**Available records**:
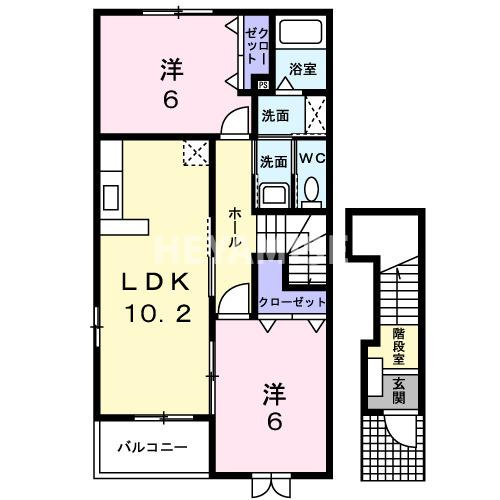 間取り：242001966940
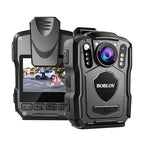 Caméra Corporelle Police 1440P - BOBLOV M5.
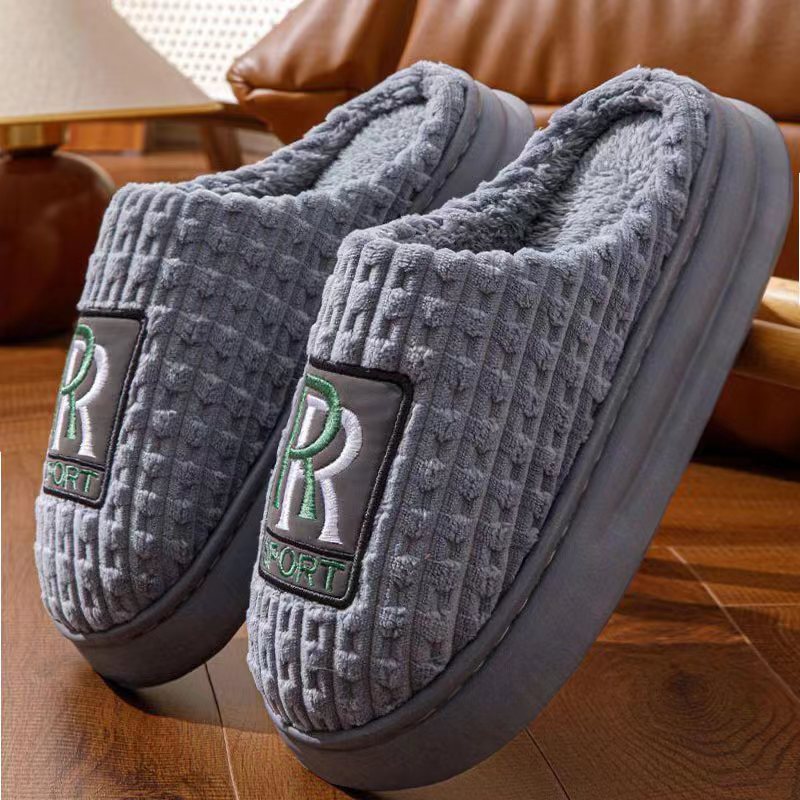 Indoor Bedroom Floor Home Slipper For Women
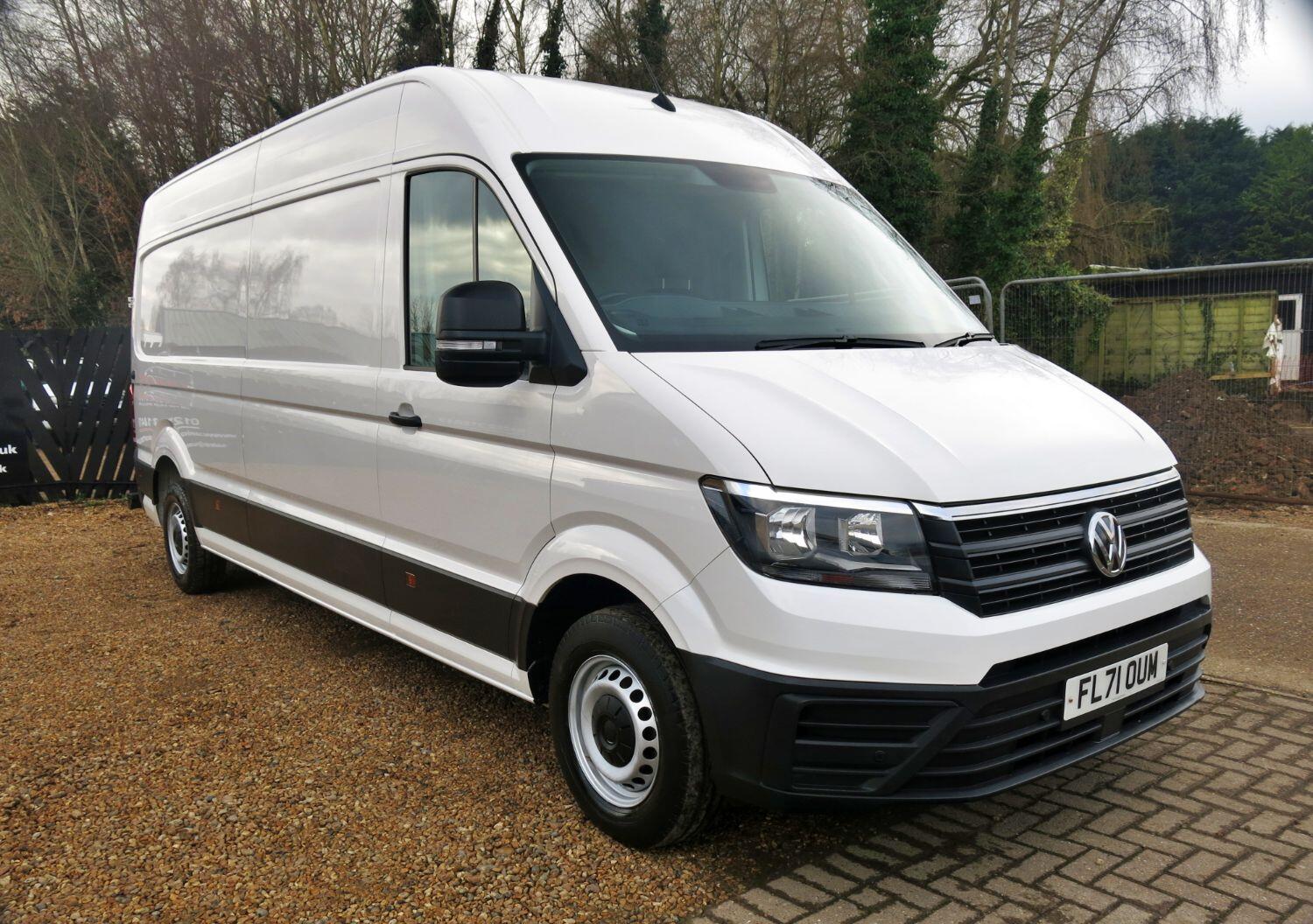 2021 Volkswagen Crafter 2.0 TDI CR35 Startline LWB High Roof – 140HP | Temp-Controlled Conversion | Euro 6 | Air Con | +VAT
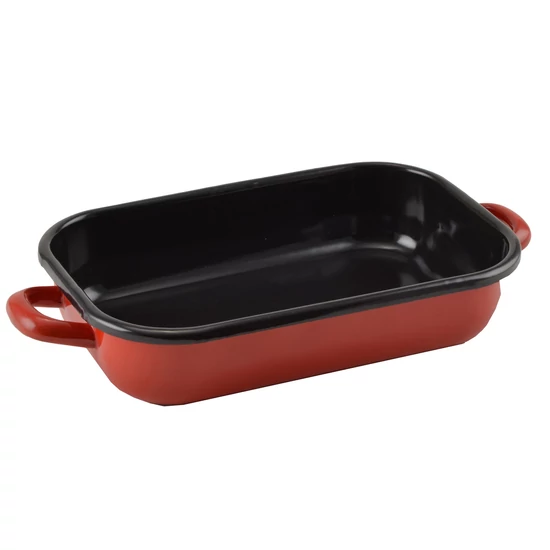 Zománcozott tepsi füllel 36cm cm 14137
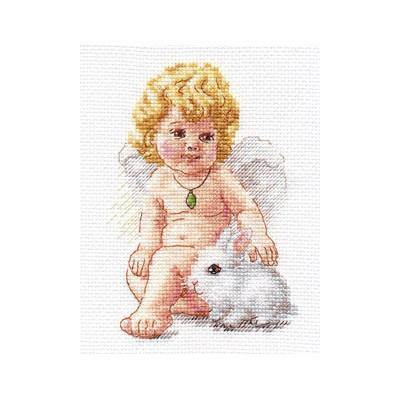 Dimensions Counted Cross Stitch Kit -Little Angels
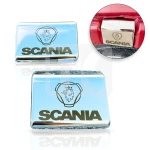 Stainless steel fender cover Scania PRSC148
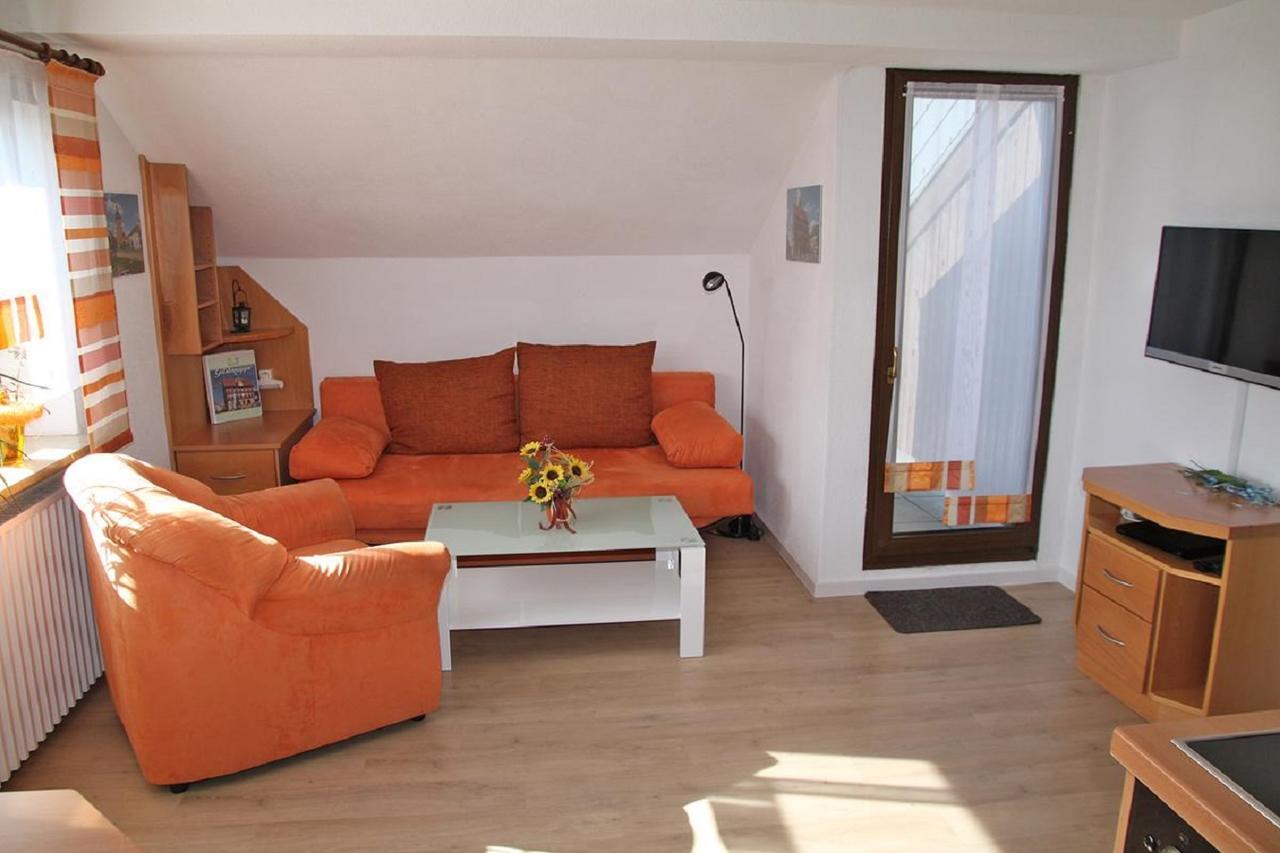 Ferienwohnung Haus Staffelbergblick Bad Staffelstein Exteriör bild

**Exercise brief**: All of the data needs repeating exactly, but the pictures do not.

**Output of the task**:
 間取り：242001966940
 Caméra Corporelle Police 1440P - BOBLOV M5.
 Indoor Bedroom Floor Home Slipper For Women
 2021 Volkswagen Crafter 2.0 TDI CR35 Startline LWB High Roof – 140HP | Temp-Controlled Conversion | Euro 6 | Air Con | +VAT
 Zománcozott tepsi füllel 36cm cm 14137
 Dimensions Counted Cross Stitch Kit -Little Angels
 Stainless steel fender cover Scania PRSC148
 Ferienwohnung Haus Staffelbergblick Bad Staffelstein Exteriör bild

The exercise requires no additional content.